- **What to do**: Exactly the lines from the one containing "Poulets de chaire disponible" through the end of the data, and nothing more, should be retyped; pictures stay out.
***** Given data *****
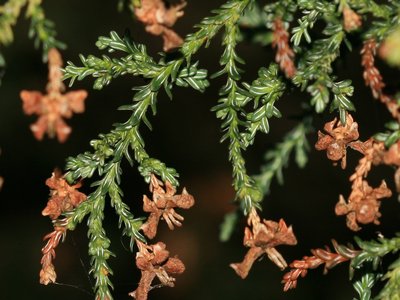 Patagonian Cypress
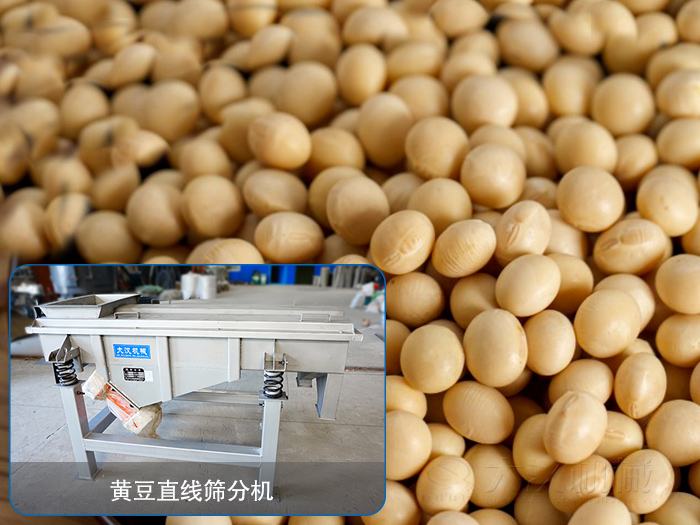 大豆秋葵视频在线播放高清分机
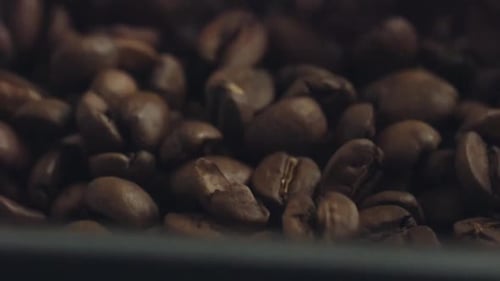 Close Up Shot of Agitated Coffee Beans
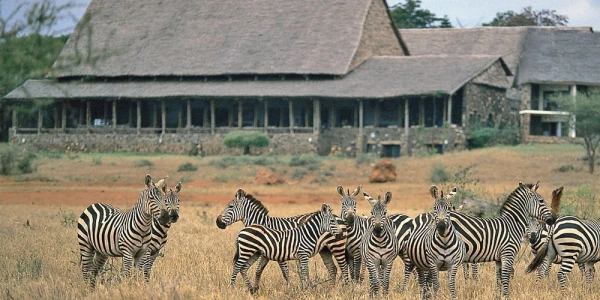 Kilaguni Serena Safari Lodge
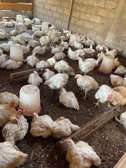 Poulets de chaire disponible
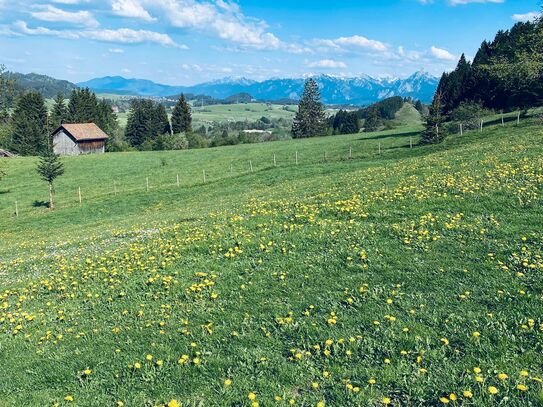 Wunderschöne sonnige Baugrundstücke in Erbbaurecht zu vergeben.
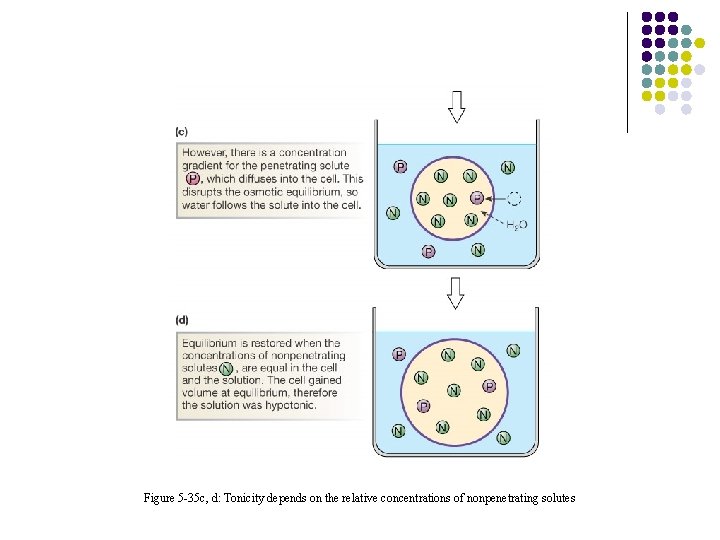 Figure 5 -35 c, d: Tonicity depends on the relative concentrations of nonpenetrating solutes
*****
- **Task response**:
 Poulets de chaire disponible
 Wunderschöne sonnige Baugrundstücke in Erbbaurecht zu vergeben.
 Figure 5 -35 c, d: Tonicity depends on the relative concentrations of nonpenetrating solutes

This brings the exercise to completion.